En ese momento sonó el teléfono del sacerdote.
—Perdonen, es el Maestro, ya lo conocen. Sabe que estoy reunido con ustedes. ¿Sí?…
Pasaron unos segundos y el rostro de Lefèvbre adquirió de pronto un rictus de estupor y espanto.
—Lo siento, Maestro, lo siento mucho… Sí, están aquí, los dos; ahora mismo se lo transmito. Sí, hablaremos. Adiós —se despidió el sacerdote.
—¿Qué ocurre, padre? —le preguntó Michelle.
Lefèvbre colgó, dejó su teléfono móvil encima de la mesa y se echó las manos a la cara, sollozando.
—Era el Maestro. Han…, han ma…, han matado a… João, han asesinado a João Barros… —balbució el sacerdote con voz quebradiza y temblorosa.

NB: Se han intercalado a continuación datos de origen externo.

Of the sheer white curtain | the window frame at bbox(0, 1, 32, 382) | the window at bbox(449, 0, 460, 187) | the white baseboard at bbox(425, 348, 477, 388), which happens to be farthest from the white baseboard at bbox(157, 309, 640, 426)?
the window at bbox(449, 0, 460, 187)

—¡Dios mío! —exclamó Michelle.
—Amigos —el sacerdote aspiró hondo y pareció recuperarse enseguida del tremendo impacto que le había causado el anuncio del asesinato de uno de los pocos miembros que quedaban de la hermandad de Heliópolis—, este asunto se ha complicado mucho. ¿Alguien lo vio a usted, David, con Barros en Sevilla?
—Sí, varios profesores del curso, pero ninguno lo conocía.

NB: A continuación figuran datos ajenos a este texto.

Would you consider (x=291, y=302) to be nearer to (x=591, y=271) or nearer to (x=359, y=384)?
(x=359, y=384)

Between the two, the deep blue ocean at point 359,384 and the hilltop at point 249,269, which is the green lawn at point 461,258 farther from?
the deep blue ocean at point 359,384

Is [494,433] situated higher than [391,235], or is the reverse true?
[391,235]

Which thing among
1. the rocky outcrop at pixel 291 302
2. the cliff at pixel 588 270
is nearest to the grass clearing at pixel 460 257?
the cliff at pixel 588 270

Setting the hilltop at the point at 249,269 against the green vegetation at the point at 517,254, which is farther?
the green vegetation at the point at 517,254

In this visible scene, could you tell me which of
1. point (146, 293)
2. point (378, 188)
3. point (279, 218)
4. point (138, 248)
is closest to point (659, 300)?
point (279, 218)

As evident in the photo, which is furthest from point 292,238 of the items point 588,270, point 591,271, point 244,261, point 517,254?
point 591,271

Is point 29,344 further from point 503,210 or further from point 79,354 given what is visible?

—¿Ha recibido usted alguna comunicación de Barros desde entonces?
—Una carta en papel, un par de correos electrónicos y la invitación para impartir una conferencia en Lisboa, a fines de este mes, sobre la imagen de la Virgen en la pintura gótica, pero imagino que ese curso que él dirigía ya no tiene sentido y que se suspenderá. Con la carta venía un billete de avión de ida y vuelta de París a Lisboa y unos folletos anunciando la conferencia, el lugar, la fecha y la hora.

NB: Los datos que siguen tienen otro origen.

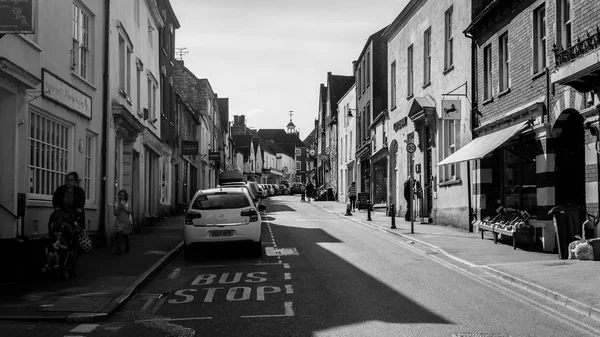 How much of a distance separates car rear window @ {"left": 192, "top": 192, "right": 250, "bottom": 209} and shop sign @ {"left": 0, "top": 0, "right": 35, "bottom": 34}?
699 cm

—¿Quién organiza la conferencia?
—El departamento de Historia de las Religiones de la universidad de Lisboa.
—Pues si nadie le comunica lo contrario, vaya a Lisboa, aunque imagino que alguien lo llamará antes para informarle de la muerte de João, claro.
—¿Cree que su asesinato tiene algo que ver con «Fátima 1»? —preguntó Carter.
—Por supuesto.
—Se cumple mi presentimiento. ¿Recuerdas lo que te dije hace un par de semanas? —preguntó Carter dirigiéndose a Michelle.
—Sí; sospechabas que este asunto parecía muy peligroso, que lo presentías, que tenías malas sensaciones —recordó la joven profesora.
—Pues ya ves, mi mal augurio se ha cumplido.